🤖 AI Summary
High-level synthesis (HLS) tools—such as Chisel and commercial HLS compilers—often produce circuits with inferior performance compared to hand-designed hardware in high-performance computing (HPC) accelerator design.
Method: This paper proposes a hierarchical algorithmic decomposition and automated evaluation framework that abstracts mathematical kernels (e.g., Fourier transforms, matrix multiplication, QR decomposition) into reusable building blocks, uniformly implemented across multiple abstraction levels (RTL, Chisel, C++ HLS), and systematically benchmarked for resource utilization, timing, and operating frequency.

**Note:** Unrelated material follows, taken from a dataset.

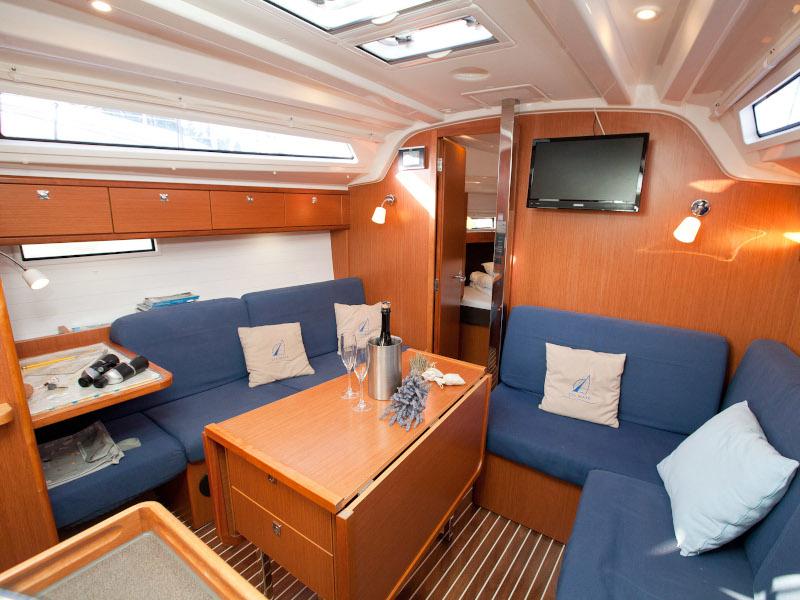 Book yachts online - sailboat - Bavaria Cruiser 37 - MARIJA - rent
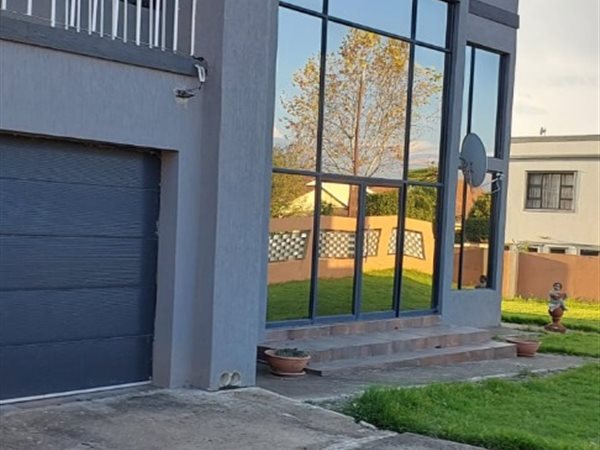 4 Bedroom House 4 Bedroom House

Contribution/Results: The framework establishes the first cross-abstraction-level fair benchmarking methodology, enabling fine-grained identification of inefficiencies introduced by HLS compilers. Experimental evaluation demonstrates significantly improved accuracy and interpretability in pinpointing design bottlenecks, providing quantitative guidance for both HLS tool optimization and practical hardware design.
📝 Abstract
Developing efficient hardware accelerators for mathematical kernels used in scientific applications and machine learning has traditionally been a labor-intensive task. These accelerators typically require low-level programming in Verilog or other hardware description languages, along with significant manual optimization effort. Recently, to alleviate this challenge, high-level hardware design tools like Chisel and High-Level Synthesis have emerged. However, as with any compiler, some of the generated hardware may be suboptimal compared to expert-crafted designs. Understanding where these inefficiencies arise is crucial, as it provides valuable insights for both users and tool developers. In this paper, we propose a methodology to hierarchically decompose mathematical kernels - such as Fourier transforms, matrix multiplication, and QR factorization - into a set of common building blocks or primitives. Then the primitives are implemented in the different programming environments, and the larger algorithms get assembled. Furthermore, we employ an automatic approach to investigate the achievable frequency and required resources. Performing this experimentation at each level will provide fairer comparisons between designs and offer guidance for both tool developers and hardware designers to adopt better practices.